Assignment: Exactly the lines from the opening of the data through the line containing "Wales Bunting" should be reproduced, please, with nothing added.
Start of Available data
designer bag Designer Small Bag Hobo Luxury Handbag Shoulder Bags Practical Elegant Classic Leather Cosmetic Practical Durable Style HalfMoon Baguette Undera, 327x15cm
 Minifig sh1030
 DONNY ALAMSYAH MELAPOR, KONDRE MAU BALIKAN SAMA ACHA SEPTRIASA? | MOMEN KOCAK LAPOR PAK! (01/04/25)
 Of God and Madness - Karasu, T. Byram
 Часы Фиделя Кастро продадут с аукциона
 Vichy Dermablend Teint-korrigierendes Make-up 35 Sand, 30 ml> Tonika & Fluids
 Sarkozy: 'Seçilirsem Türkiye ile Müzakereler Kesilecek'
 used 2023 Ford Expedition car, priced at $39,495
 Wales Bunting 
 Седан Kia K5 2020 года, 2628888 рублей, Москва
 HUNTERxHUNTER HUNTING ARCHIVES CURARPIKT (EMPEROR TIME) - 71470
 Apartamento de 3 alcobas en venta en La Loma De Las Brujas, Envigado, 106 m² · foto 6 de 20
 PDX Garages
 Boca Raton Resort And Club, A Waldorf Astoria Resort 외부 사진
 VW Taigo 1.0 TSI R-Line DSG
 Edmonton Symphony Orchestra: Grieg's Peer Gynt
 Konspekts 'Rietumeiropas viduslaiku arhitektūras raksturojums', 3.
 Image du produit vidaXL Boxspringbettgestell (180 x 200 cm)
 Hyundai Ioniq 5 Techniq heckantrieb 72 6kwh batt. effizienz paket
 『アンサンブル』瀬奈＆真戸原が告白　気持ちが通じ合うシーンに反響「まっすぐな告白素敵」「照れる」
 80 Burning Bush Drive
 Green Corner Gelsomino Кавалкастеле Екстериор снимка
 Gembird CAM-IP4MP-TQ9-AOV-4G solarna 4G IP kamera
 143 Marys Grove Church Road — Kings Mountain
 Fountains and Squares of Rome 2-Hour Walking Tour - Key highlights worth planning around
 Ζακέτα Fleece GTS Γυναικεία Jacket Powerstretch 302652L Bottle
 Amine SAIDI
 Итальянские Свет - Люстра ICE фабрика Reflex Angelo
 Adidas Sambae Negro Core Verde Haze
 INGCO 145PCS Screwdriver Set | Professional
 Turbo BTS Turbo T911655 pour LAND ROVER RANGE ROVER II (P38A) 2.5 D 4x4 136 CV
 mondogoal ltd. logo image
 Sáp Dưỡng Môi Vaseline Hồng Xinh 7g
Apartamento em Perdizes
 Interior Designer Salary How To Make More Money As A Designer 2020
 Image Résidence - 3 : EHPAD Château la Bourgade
End of Available data
Task result:
designer bag Designer Small Bag Hobo Luxury Handbag Shoulder Bags Practical Elegant Classic Leather Cosmetic Practical Durable Style HalfMoon Baguette Undera, 327x15cm
 Minifig sh1030
 DONNY ALAMSYAH MELAPOR, KONDRE MAU BALIKAN SAMA ACHA SEPTRIASA? | MOMEN KOCAK LAPOR PAK! (01/04/25)
 Of God and Madness - Karasu, T. Byram
 Часы Фиделя Кастро продадут с аукциона
 Vichy Dermablend Teint-korrigierendes Make-up 35 Sand, 30 ml> Tonika & Fluids
 Sarkozy: 'Seçilirsem Türkiye ile Müzakereler Kesilecek'
 used 2023 Ford Expedition car, priced at $39,495
 Wales Bunting 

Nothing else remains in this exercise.